*About this exercise:* Leave out every picture and set down, exactly, the lines below from the one holding "Door And Panel" up to and including the one holding "Sexy Orange Hollow".

*Material for this exercise:*
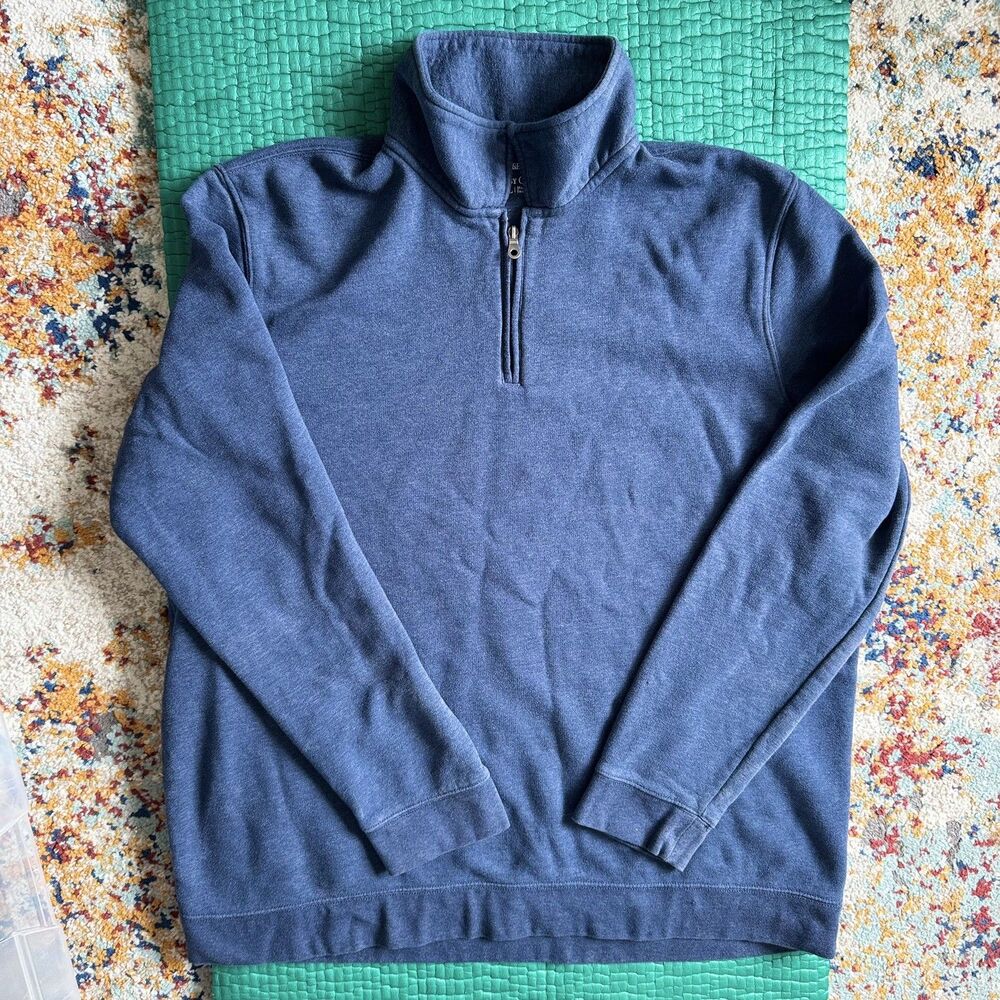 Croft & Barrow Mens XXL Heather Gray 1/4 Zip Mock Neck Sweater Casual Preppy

--

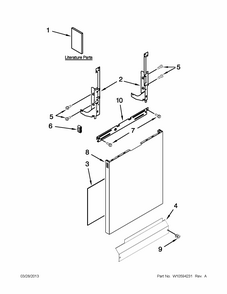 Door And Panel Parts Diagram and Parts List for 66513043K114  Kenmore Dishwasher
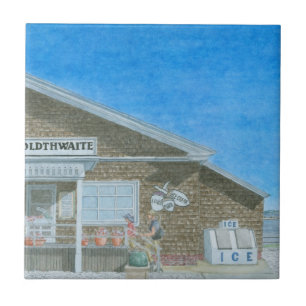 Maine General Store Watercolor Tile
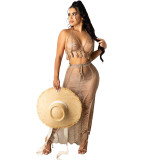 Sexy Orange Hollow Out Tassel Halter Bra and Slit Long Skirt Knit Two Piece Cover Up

*Answer to this exercise:*
 Door And Panel Parts Diagram and Parts List for 66513043K114  Kenmore Dishwasher
 Maine General Store Watercolor Tile
 Sexy Orange Hollow Out Tassel Halter Bra and Slit Long Skirt Knit Two Piece Cover Up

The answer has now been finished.